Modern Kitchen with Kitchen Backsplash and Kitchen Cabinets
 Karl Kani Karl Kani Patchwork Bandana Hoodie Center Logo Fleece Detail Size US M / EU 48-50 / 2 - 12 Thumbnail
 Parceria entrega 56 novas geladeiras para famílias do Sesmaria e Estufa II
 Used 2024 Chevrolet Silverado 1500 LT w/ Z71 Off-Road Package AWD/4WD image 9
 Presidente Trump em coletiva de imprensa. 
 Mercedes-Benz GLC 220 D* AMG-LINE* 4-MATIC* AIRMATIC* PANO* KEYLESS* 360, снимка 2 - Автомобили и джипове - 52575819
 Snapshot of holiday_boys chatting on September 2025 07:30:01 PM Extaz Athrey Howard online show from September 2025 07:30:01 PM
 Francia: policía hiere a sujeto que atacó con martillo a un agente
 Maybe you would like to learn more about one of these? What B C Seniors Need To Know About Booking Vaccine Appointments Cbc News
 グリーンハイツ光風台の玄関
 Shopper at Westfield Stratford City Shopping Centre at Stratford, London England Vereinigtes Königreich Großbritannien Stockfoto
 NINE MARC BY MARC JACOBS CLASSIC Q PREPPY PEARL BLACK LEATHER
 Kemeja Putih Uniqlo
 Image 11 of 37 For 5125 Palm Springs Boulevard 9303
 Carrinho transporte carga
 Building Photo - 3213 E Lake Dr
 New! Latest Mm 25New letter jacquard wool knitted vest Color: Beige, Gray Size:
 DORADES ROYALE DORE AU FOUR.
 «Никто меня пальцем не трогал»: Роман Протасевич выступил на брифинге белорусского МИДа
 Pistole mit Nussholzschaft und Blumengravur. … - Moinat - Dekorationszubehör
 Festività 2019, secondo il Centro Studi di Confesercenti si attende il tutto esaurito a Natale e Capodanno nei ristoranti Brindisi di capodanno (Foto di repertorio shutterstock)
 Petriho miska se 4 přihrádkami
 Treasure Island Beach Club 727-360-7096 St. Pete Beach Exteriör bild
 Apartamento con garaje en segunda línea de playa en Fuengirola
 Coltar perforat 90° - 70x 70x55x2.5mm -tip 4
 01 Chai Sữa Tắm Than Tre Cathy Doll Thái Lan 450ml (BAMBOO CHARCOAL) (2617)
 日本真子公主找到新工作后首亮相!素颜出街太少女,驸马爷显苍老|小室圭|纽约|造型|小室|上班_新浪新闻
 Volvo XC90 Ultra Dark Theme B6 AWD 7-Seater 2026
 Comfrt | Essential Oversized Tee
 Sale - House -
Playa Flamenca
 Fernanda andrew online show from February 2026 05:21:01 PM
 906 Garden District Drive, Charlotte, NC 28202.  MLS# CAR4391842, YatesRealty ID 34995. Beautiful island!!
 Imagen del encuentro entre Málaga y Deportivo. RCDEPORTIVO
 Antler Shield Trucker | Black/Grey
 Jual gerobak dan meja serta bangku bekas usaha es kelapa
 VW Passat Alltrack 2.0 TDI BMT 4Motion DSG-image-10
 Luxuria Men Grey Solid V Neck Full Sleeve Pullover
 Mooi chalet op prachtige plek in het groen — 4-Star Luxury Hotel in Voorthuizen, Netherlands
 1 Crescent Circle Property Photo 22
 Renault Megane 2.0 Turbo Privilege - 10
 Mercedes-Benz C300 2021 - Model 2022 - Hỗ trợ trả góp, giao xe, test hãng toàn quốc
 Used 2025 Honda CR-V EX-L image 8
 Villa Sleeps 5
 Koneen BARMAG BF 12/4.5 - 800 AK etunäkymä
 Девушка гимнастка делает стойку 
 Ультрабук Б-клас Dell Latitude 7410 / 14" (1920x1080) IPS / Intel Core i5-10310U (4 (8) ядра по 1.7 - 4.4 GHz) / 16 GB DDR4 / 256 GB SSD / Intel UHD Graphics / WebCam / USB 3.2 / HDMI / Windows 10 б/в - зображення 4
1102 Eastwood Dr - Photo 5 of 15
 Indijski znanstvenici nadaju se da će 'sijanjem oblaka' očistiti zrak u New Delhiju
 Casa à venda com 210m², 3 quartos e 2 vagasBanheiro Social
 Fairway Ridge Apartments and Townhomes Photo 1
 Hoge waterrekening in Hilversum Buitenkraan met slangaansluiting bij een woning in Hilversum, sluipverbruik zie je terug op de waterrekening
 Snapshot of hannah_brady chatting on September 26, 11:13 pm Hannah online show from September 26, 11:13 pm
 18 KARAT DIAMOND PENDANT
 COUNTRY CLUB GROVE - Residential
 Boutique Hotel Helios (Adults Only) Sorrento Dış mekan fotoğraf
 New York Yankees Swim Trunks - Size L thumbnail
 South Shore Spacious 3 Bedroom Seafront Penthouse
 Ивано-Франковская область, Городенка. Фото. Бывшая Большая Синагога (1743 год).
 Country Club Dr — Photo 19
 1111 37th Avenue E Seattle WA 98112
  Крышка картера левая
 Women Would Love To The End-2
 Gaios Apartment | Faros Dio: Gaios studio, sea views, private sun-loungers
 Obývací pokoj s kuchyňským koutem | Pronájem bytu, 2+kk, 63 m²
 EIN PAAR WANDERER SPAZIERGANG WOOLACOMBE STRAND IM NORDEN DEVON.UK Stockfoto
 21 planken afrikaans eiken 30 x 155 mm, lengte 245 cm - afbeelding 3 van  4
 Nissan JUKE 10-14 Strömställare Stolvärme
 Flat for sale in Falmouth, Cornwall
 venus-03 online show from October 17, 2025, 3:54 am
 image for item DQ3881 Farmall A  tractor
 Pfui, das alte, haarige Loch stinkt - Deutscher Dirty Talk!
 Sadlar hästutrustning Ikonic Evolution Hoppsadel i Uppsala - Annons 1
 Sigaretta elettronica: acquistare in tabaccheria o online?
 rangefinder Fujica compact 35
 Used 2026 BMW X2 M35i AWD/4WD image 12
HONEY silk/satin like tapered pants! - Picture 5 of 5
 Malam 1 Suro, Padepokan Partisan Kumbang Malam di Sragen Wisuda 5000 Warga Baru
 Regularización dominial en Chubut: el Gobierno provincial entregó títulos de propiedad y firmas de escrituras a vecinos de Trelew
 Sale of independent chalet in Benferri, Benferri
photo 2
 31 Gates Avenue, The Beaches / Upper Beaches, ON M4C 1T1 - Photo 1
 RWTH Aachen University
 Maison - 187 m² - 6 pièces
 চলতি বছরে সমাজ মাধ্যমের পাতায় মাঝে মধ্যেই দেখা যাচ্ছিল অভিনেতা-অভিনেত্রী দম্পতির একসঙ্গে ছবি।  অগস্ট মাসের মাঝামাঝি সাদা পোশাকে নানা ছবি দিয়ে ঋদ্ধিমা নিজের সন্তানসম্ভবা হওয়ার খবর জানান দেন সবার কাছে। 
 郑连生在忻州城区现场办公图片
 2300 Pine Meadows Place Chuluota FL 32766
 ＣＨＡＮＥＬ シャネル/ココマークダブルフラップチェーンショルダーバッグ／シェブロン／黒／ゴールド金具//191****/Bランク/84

— PROBLEM TO WORK ON —
Reproduce exactly, and with no other material, the lines between those holding "Shopper at Westfield" and "New! Latest Mm", inclusive.

— REPLY TO THE TASK —
 Shopper at Westfield Stratford City Shopping Centre at Stratford, London England Vereinigtes Königreich Großbritannien Stockfoto
 NINE MARC BY MARC JACOBS CLASSIC Q PREPPY PEARL BLACK LEATHER
 Kemeja Putih Uniqlo
 Image 11 of 37 For 5125 Palm Springs Boulevard 9303
 Carrinho transporte carga
 Building Photo - 3213 E Lake Dr
 New! Latest Mm 25New letter jacquard wool knitted vest Color: Beige, Gray Size:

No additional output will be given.